An oil field operates near Bakersfield in 2014. California Resources Corp. broke ground Thursday, Oct. 17, 2025, on what is set to be the state’s first commercial carbon capture and storage project at the nearby Elk Hills oil field, even as environmental groups challenge Kern County’s approval in court.

An oil field operates near Bakersfield in 2014. California Resources Corp. broke ground Thursday, Oct. 17, 2025, on what is set to be the state’s first commercial carbon capture and storage project at the nearby Elk Hills oil field, even as environmental groups challenge Kern County’s approval in court.

Innovation vs. impact

Permitted by the U.S. Environmental Protection Agency in December with construction already underway, Carbon TerraVault I is designed to capture and store up to 1.6 million metric tons of CO2 annually, which would be equivalent to removing nearly 400,000 cars from California’s roads each year, according to company. The captured CO2 would then be “safely and permanently stored under continuous monitoring,” said Chris Gould, managing director of the TerraVault project known as CTV.

“Simply put, it will not be possible to eliminate all emissions across our economy, so achieving carbon neutrality will rely on carbon sequestration,” he said during a news conference on Thursday, adding CTV was “fulfilling the state’s ambitious climate goal.”

Gould also noted the site’s strong cap rock makes it ideal for safely storing carbon, adding that the capture facility sits less than a mile from the injection wells to keep the project efficient and limit surface impacts.

“CTV I will include a comprehensive environmental monitoring program with both shallow and deep monitoring wells. … CRC’s program will also track air quality, vegetation health and seismic activity, with semiannual reports submitted to the EPA,” the company said in an email.

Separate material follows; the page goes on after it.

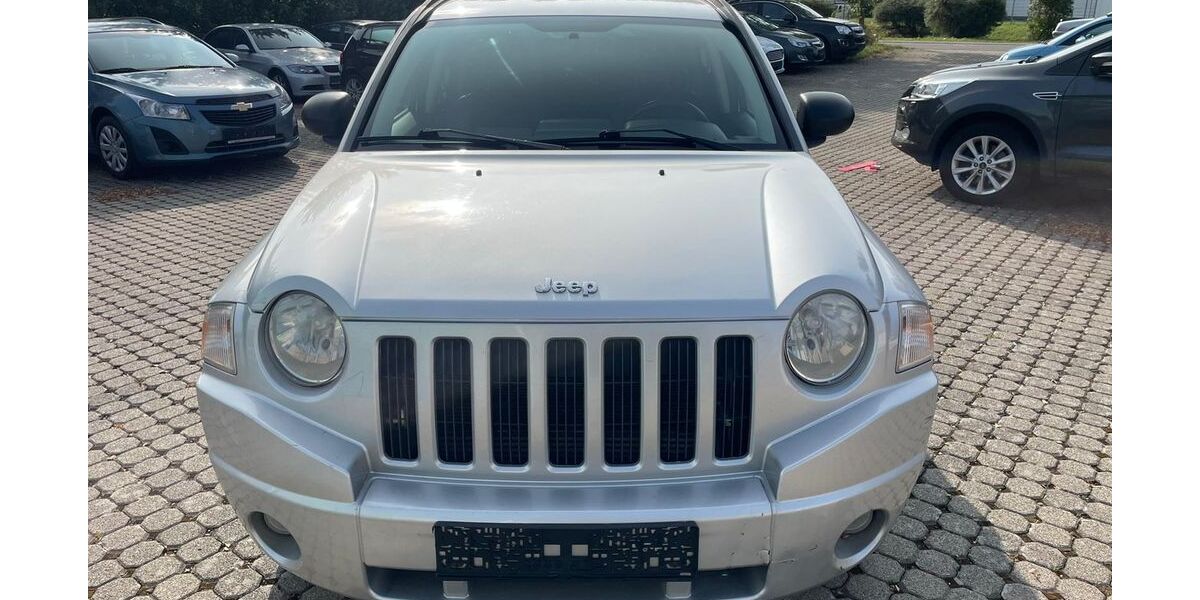 Jeep Compass 136.000 km 3.999 € Speyer 67346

But when asked about the environmental groups’ concerns that only about 10% of the CO2 stored at Carbon TerraVault I would come from existing operations, potentially opening the door for new high-emitting facilities to supply the rest, Gould did not address the issue directly. Instead, he said that the project fulfills part of broader carbon management goals set by the California Air Resources Board, and pointed to Gov. Gavin Newsom’s endorsement of carbon capture and storage as part of the state’s path to carbon neutrality.

In a July 2022 letter to CARB, Newsom wrote that “there is no path to carbon neutrality without carbon capture and sequestration,” calling on state agencies to “facilitate safe and equitable engineered carbon removal and capture solutions.”

The project’s construction is expected to be completed by the end of 2025, with the first carbon injection planned for early next year, according to the company.

Opponents doubt emissions cuts

The project is “green lighting” additional greenhouse gas emissions by making room for more polluting facilities, Ghafar said, encouraging new industrial plants to operate longer or expand under the promise of storing their carbon at TerraVault I.

“This project is being framed as an effort to reduce greenhouse gas emissions … the whole purpose of CCS (carbon capture and storage) is ‘we are trying to capture carbon that would otherwise go into the atmosphere and contribute to climate change’,” Ghafar said.

“So if you are not actually reducing greenhouse gas emissions, then the entire enterprise is suspect.”

With Kern County and the company expected to file their response briefs by the end of 2025, Ghafar said the hearing is scheduled for April, followed by a court decision a few months later.